[TASK TO COMPLETE]: At the line with "The Namgung Clan’s", start repeating the data, and continue line by line through the final line, exactly.

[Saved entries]
──────────────────────────────

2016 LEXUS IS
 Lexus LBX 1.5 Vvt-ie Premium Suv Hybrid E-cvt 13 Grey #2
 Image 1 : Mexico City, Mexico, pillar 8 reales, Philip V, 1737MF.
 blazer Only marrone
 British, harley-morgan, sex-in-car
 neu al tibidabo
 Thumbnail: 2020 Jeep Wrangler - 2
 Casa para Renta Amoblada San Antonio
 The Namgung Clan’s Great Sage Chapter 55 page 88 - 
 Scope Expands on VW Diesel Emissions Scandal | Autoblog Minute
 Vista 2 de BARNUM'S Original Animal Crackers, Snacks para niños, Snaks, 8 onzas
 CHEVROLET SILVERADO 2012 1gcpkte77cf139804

──────────────────────────────

[ANSWER FOR THE TASK]:
 The Namgung Clan’s Great Sage Chapter 55 page 88 - 
 Scope Expands on VW Diesel Emissions Scandal | Autoblog Minute
 Vista 2 de BARNUM'S Original Animal Crackers, Snacks para niños, Snaks, 8 onzas
 CHEVROLET SILVERADO 2012 1gcpkte77cf139804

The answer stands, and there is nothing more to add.